In a world with a lack of stable horizons and certitudes, in a state of general disorientation amplified by the multiplication of visual technologies and the multiple perspectives they generate (Google Earth images, satellite views, drone videos) we must remember the artist and theorist Hito Steyerl and his essay In free fall: a thought experiment on vertical perspective (2011) which states that today linear perspective has become a “hostage” of the truth: “The vanishing point gives the observer a body and a position. […] While reinforcing the subject by placing him at the center of the vision, the linear perspective also undermines the individuality of the spectator by putting him under the seemingly objective rules of representation.”

We live in the era of vertical perspective – Steyerl affirms – or better, in a condition of free fall, that constitutes a systematic and rational certitude linked to the linear perspective. But, if the image of the free fall summarizes the idea of the absence of “anchor points” typical of the fluid contemporary condition, how can we read the geometrical construction of a photograph? We are inclined to believe that the representation of this “landscape with figures” by Vitali raises exactly the same questions as Steyerl on the issue of the occult control of the individual by the power and the social control present today in the form of surveillance cameras equipped with Artificial Intelligence. Vitali succeeds in doing the same through the ambivalence of subjectivity and objectivity attributed by Erwin Panofsky to the linear perspective (“the triumph of the sense of a distanced and objective reality and the triumph of the human resolve for power that tends to erase distances”).

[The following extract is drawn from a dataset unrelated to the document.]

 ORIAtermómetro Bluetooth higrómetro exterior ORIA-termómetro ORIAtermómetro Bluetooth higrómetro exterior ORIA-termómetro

Such a vision would condemn the complete falsity of the objective world and reveal the illusion of our individual freedom, but it would also presuppose an action: a real body able to escape from the frame, a body as a “land not yet colonized by power”, as Pasolini remembers.

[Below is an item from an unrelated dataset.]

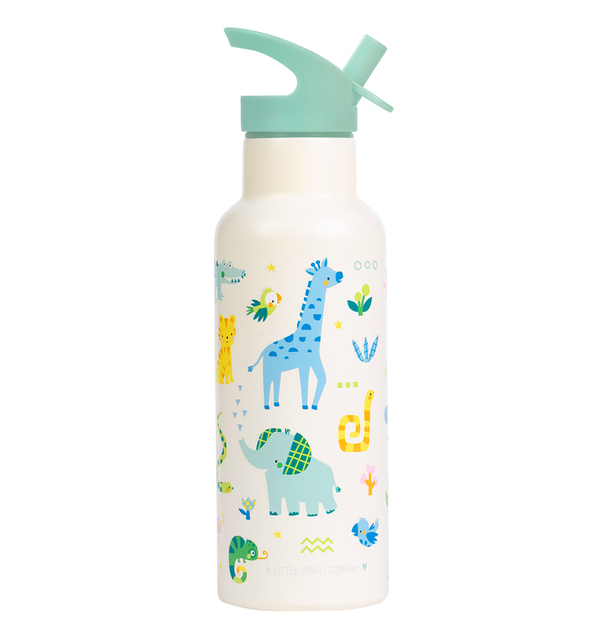 A Little Lovely Company - Edelstahl-Trinkflasche, 500 ml - Dschungel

The moment just before the revolution?

Following this interpretation, in my opinion the theatrical equivalent of Vitali’s photography in its most subversive sense would be the play The host (2005) by the company Motus, inspired by the film Theorem by Pasolini.  Confirming the intention of the original author and director, Motus calls into question the conformist bourgeoisie world, depicting it as imprisoned in a reassuring and yet artificial idyllic landscape composed of three giant screens and built, exactly as in Vitali’s work, with a central perspective axis. 

The apparent tranquillity represented by the illusionistic theatrical backdrop conceals a hidden fear: in fact, it will be unhinged by the realities of 1968 in Italy known as the “lead” years, the State massacres.

If our interpretation is correct, what revolution against the system is concealed within this perfect mise en abyme of reality immortalized in Vitali’s magnificent work? 

Anna Maria Monteverdi, Theatrical perspective, July 10, 2019.